■ Directions ■
In the material below, begin at the line that has "Petit Ventilateur de", stop after the line that has "现代简约风格舒适白色40平米整体卫浴改造", and transcribe those lines exactly, without pictures.

■ Dataset extract ■
======

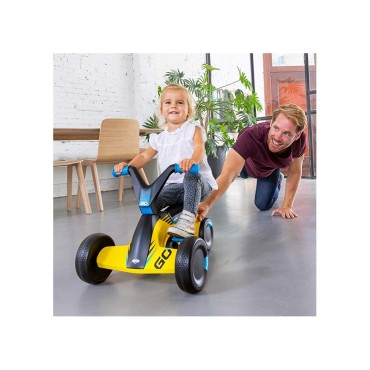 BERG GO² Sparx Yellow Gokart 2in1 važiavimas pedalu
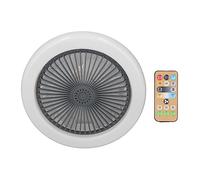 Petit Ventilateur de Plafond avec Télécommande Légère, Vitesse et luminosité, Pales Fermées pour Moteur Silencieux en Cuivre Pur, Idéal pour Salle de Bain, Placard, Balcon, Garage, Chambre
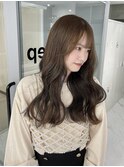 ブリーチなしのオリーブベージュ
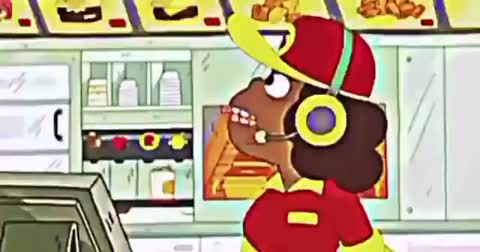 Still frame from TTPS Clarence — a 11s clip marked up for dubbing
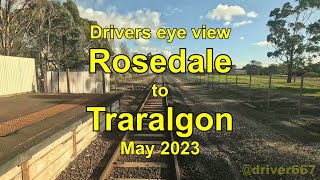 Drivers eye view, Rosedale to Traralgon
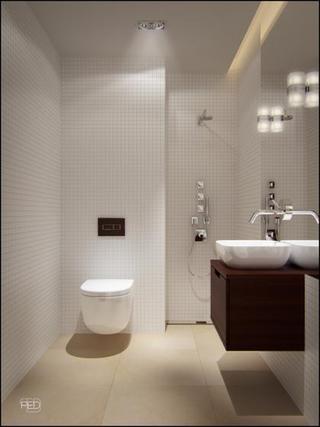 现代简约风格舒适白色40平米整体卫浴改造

======

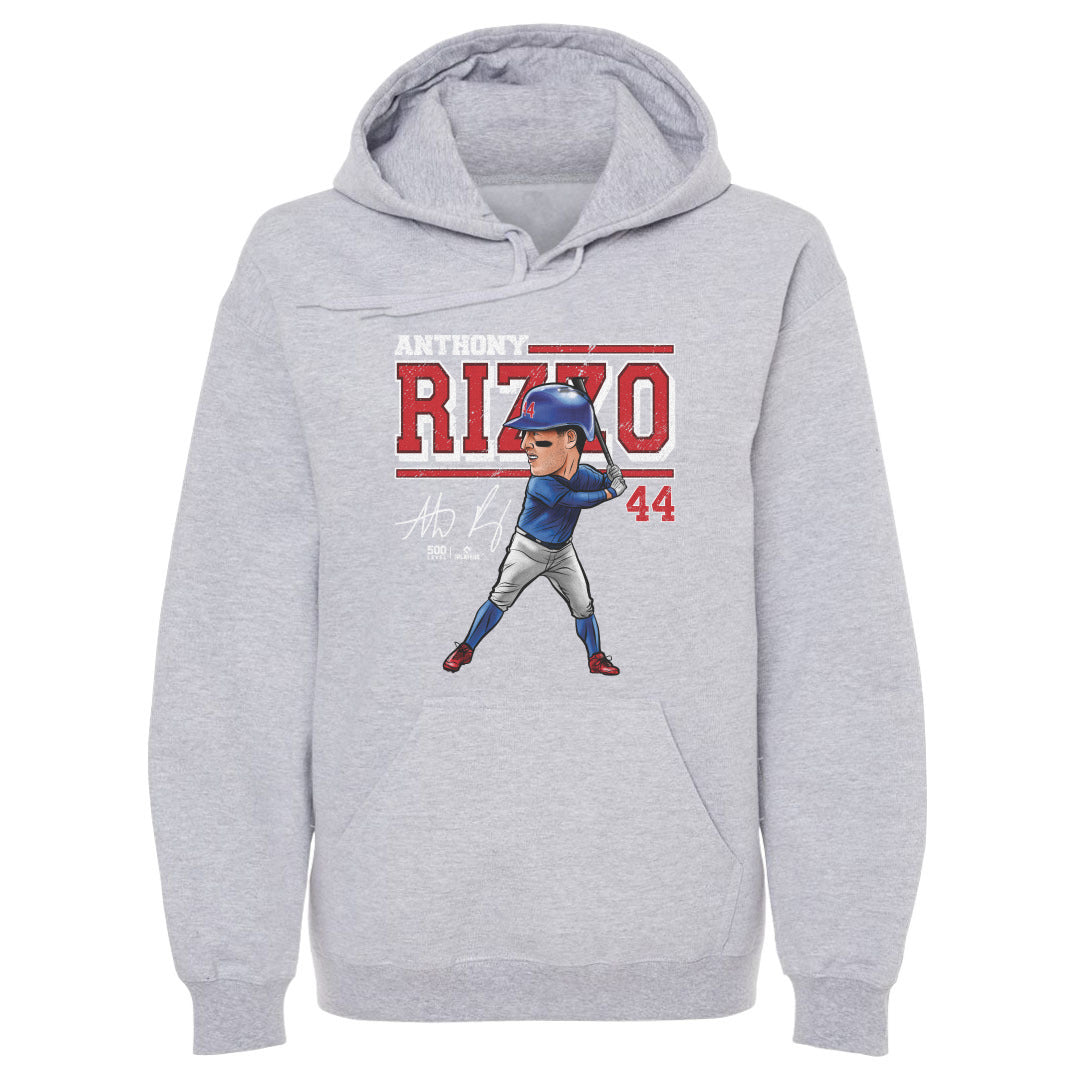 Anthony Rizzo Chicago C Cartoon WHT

======

■ Result for this task ■
 Petit Ventilateur de Plafond avec Télécommande Légère, Vitesse et luminosité, Pales Fermées pour Moteur Silencieux en Cuivre Pur, Idéal pour Salle de Bain, Placard, Balcon, Garage, Chambre
 ブリーチなしのオリーブベージュ
 Still frame from TTPS Clarence — a 11s clip marked up for dubbing
 Drivers eye view, Rosedale to Traralgon
 现代简约风格舒适白色40平米整体卫浴改造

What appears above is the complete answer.